Hi Glenn,
It's definitely more arresting starting with the old 3rd stanza, but then you do lose the description of the suffering.
I wonder if a single first stanza describing that suffering might be worth trying. Maybe (or on second thoughts, maybe not!) even drawing on a different simile drawn from the human world. "Like office/factory drudges", say. No doubt there's something better than that ... Maybe you could use a slime/grime rhyme, even.
I also wonder if, when you've described the long difficult years of suffering and the brief glorious hour of joy, you'd even need final couplet contrasting the two. Perhaps the reader could be left to draw the conclusion themselves?
Like fashion models, flashing gauzy wings,
unable to eat, they flirt and mate and fly,
embrace an hour of hedonistic flings,
then, starved and spent, emptied of eggs, they die.
Personally, I'm happy that mayflies are like fashion models only insofar as they don't eat and have gauzy wings. I don't think "fashion model" has to apply to the rest of the sentence. They do the rest of those things in they style of fashion models -- or while resembling fashion models -- but this sense is lost when you split the stanza into two sentences. Hence I prefer the one-sentence version.

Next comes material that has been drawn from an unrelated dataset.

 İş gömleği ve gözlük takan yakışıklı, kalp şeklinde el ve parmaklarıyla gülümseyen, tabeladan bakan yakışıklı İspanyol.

However, "unable to eat" still bugs (sic) me, since fashion models are able to eat and do. Hence my suggestion that you replace that with "eschewing food". Besides making the simile sound inaccurate (to me), "unable to eat" seems a little too dull and functional, especially after "flashing gauzy wings. I guess, "and fasting hard" might work and would give you another 'f' sound. Another option might be "living on air" for some wordplay.